Screening and validation of genome-edited animals

Abstract

The emergence of an array of genome-editing tools in recent years has facilitated the introduction of genetic modifications directly into the embryo, increasing the ease, efficiency and catalogue of alleles accessible to researchers across a range of species. Bypassing the requirement for a selection cassette and resulting in a broad range of outcomes besides the desired allele, genome editing has altered the allele validation process both temporally and technically. Whereas traditional gene targeting relies upon selection and allows allele validation at the embryonic stem cell modification stage, screening for the presence of the intended allele now occurs in the (frequently mosaic) founder animals. Final confirmation of the edited allele can only take place at the subsequent G1 generation and the validation strategy must differentiate the desired allele from a range of unintended outcomes. Here we present some of the challenges posed by gene editing, strategies for validation and considerations for animal colony management.

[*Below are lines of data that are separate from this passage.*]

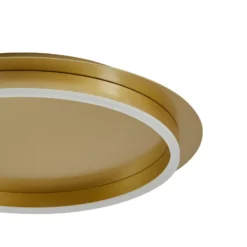 Lindby LED-Deckenleuchte Kunis, gold, Kunststoff, Ø 46cm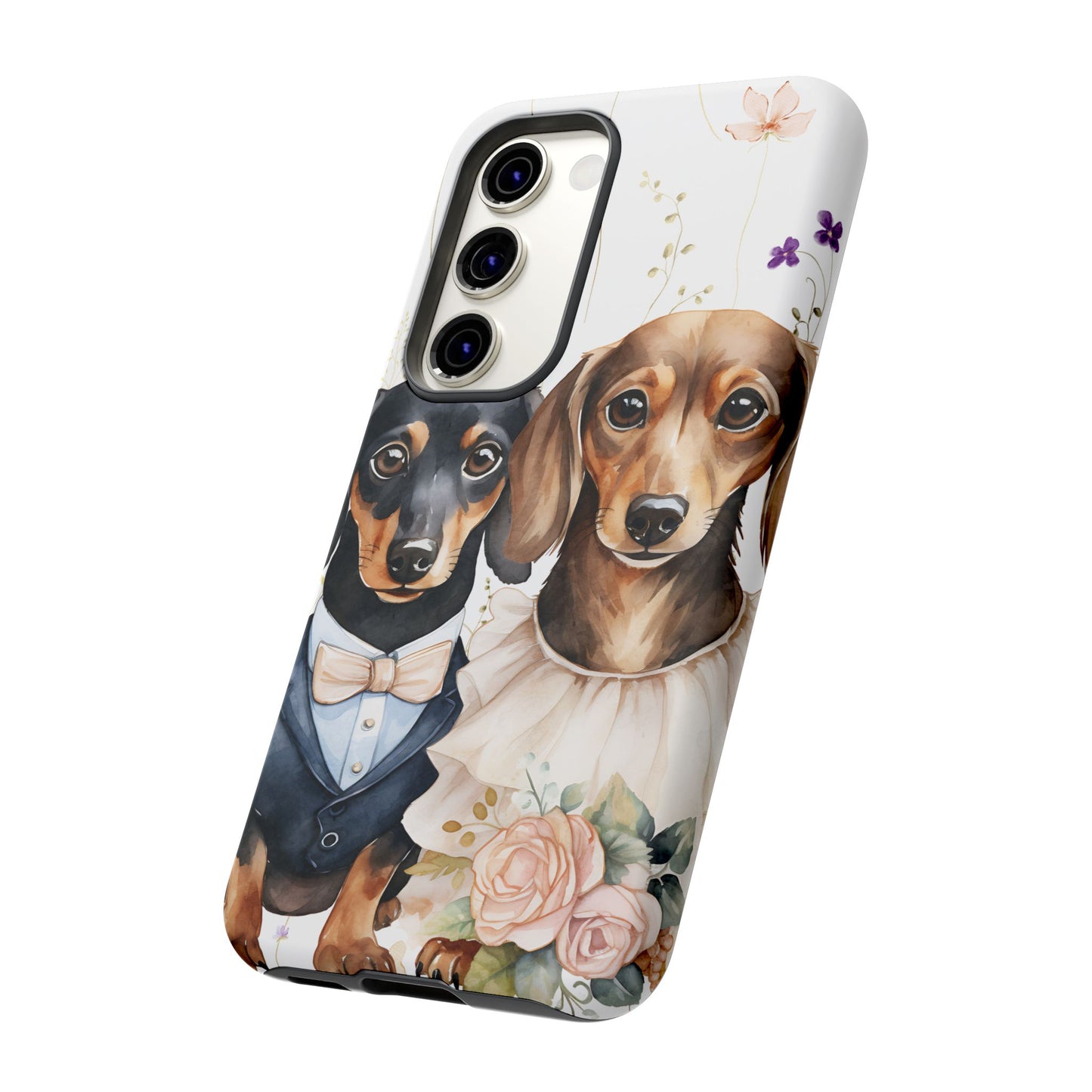 Wedding Dachshund Dog Phone Case - Bridal Gift Flower Girl Apple Pixel Galaxy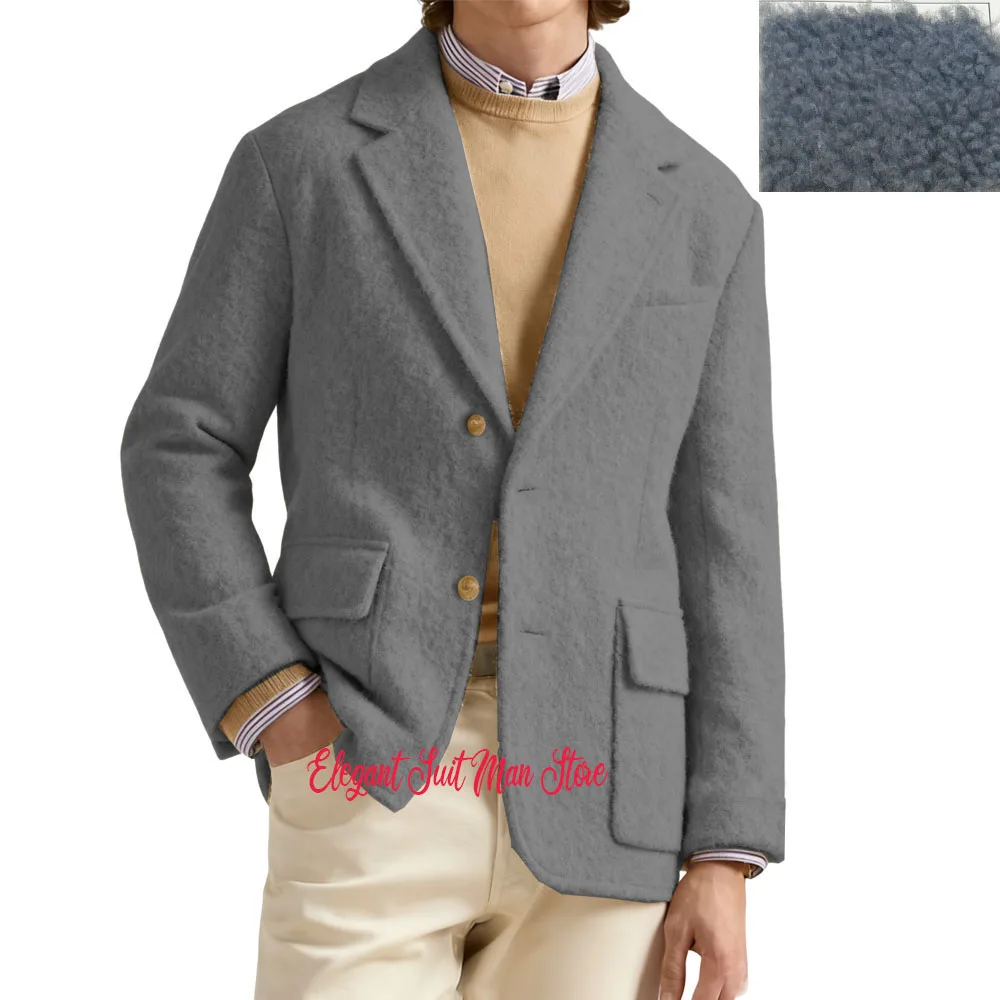 

Lamb wool men's coat Wool blend men's Outdoor sports Casual suit jacket Single breasted Man Blazer Autumn Winter Man Short Coat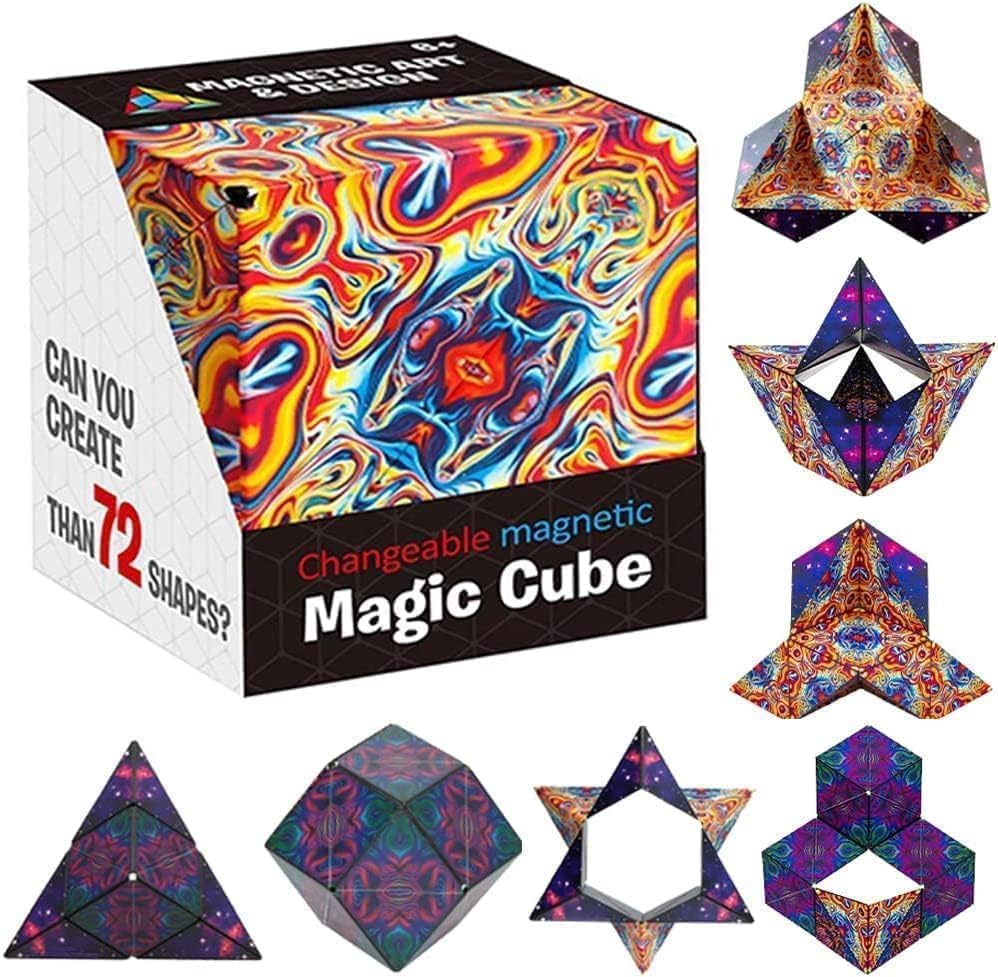 Umadiya® Magic Cube Shape Shifting Puzzle Box - Magnetic Cube Puzzle Fun Cube - Fidget Cube Mind-Challenging Fun Game Magnetic Cube Transforms Into Over 70 Shapes
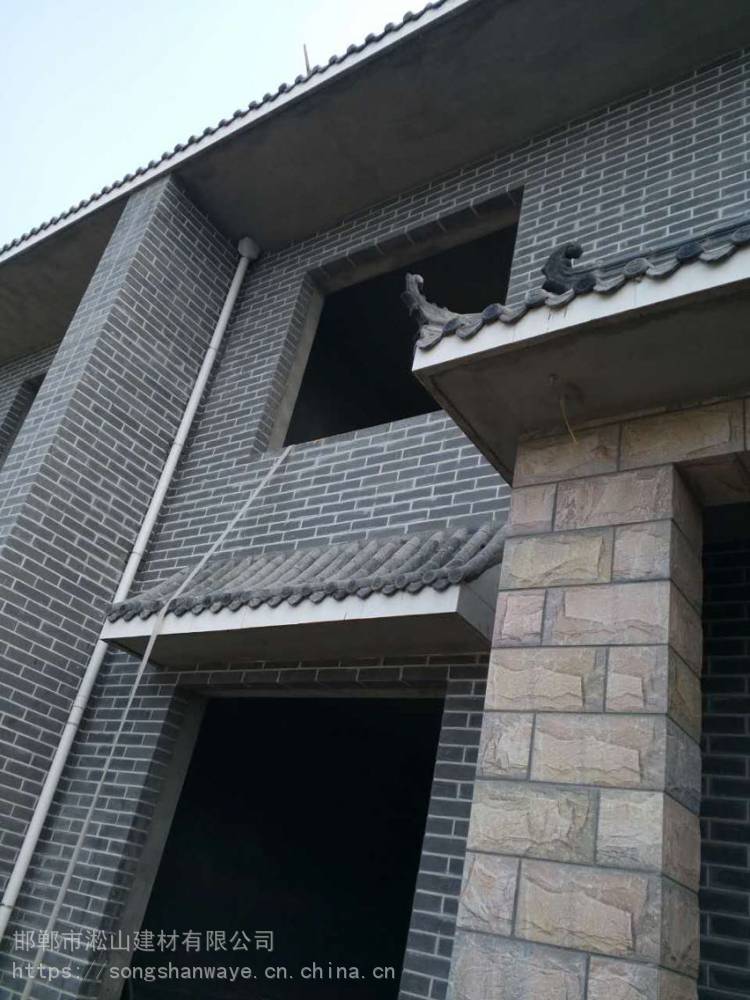 中式瓷砖淞山建材灰色面砖仿古外墙砖古建筑墙面火锅店室内墙外墙贴片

Keywords: Animal model; GM; PCR; Quality assurance / control.

Figure 1.

Gene targeting and genome editing processes. Comparison between traditional gene targeting and more recent gene-editing processes from reagents to correct G1 animals. The figure highlights the validation of embryonic stem (ES) cells prior to delivery into the embryo, whereas gene editing technologies rely on validation at the mouse stage. Left: in traditional gene targeting, validation occurs in embryonic stem (ES) cells, prior to their delivery into 2.5-day blastocysts. G0 animals are chimeric, being composed of two pre-defined cell types, those of the host and the validated ES cell. At the G1 generation there are only two possible genotypes to identify. ES cell and host with different coat colours can be used so that coat colour indicates incorporation of the ES cells. At G0 coat colour will be mixed at different ratios depending upon inclusion of ES cells into the embryo. At G1 full coat colour can demonstrate that ES cells have populated the germ-cells of the G0 parent and PCR genotyping can confirm which of the two ES cell derived alleles has been transmitted. Right: in gene editing, genome modification happens in vivo after reagents are delivered to the 1-cell stage embryo. G0 mice are mosaic, being composed of cells with multiple different genotypes. Multiple editing events during early embryonic development may produce an assortment of cell-lineages all with differing, and previously undefined, genotypes. At the G1 generation offspring with many different genotypes may be born and it is only at this stage that the desired allele can be definitively identified, and the mutation and background be fully validated. Coat colour cannot be used to indicate success of gene editing as there is no host-donor chimera. PCR, polymerase chain reaction; WT, wild type.

Figure 2.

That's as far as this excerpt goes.